◆ **Aim of the task**:
Images should be left out, and everything else in the listing reproduced exactly.

_ _ _ _

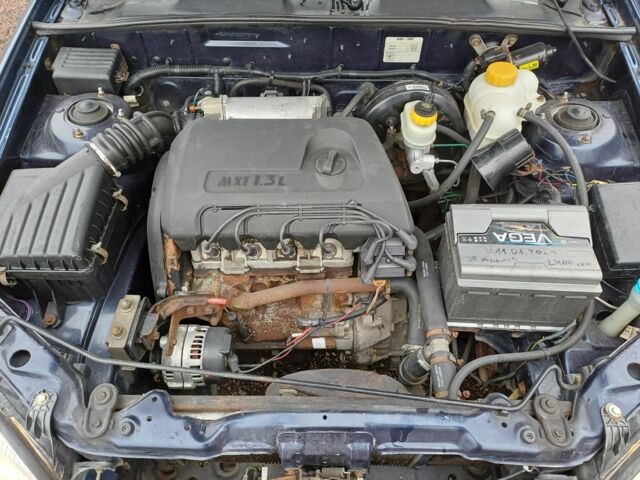 Синій Деу Сенс, об'ємом двигуна 0 л та пробігом 165 тис. км за 1900 $, фото 7 на Automoto.ua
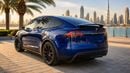 Tesla Model X PLAID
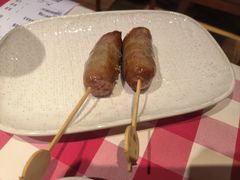 肉嘟嘟原味牛肉肠-西贝莜面村(近铁城市广场店)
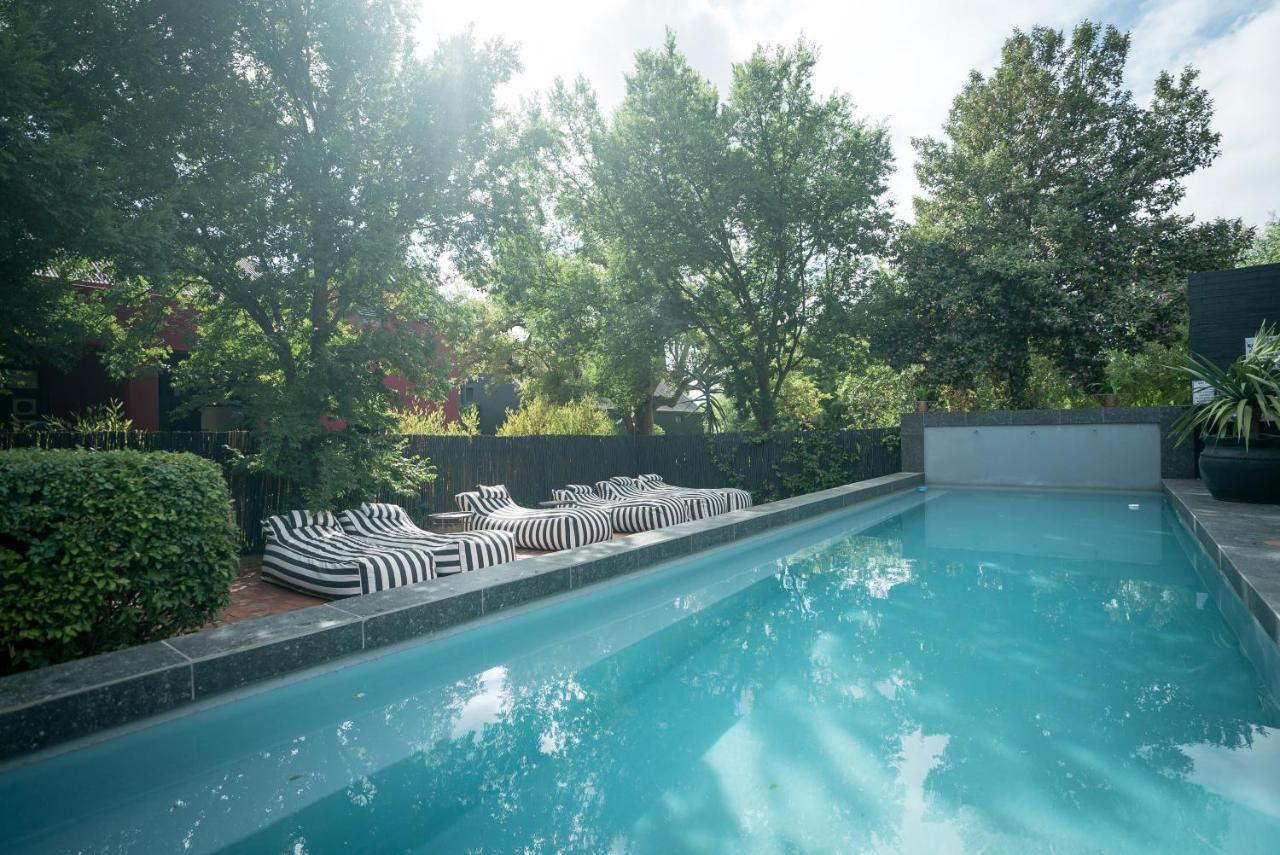 Ruby Rose Hotell Riebeek-West Exteriör bild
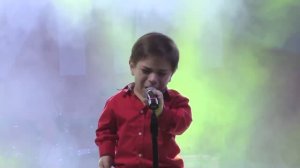 Песня Гимн России Данил Плужников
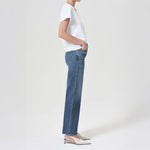 Harper Straight Leg Jeans (Stretch) in Fix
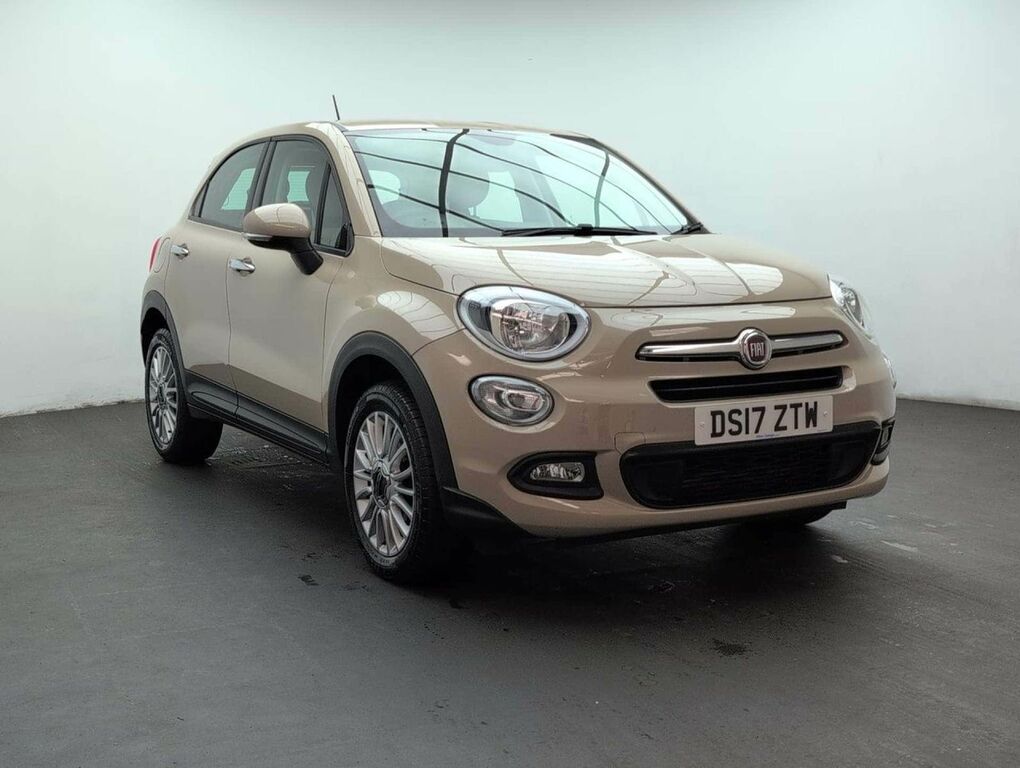 Fiat 500X 1.4 500X Popular Star Multiair Beige #2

_ _ _ _

◆ **Exercise solution**:
 Синій Деу Сенс, об'ємом двигуна 0 л та пробігом 165 тис. км за 1900 $, фото 7 на Automoto.ua
 Tesla Model X PLAID
 肉嘟嘟原味牛肉肠-西贝莜面村(近铁城市广场店)
 Ruby Rose Hotell Riebeek-West Exteriör bild
 Песня Гимн России Данил Плужников
 Harper Straight Leg Jeans (Stretch) in Fix
 Fiat 500X 1.4 500X Popular Star Multiair Beige #2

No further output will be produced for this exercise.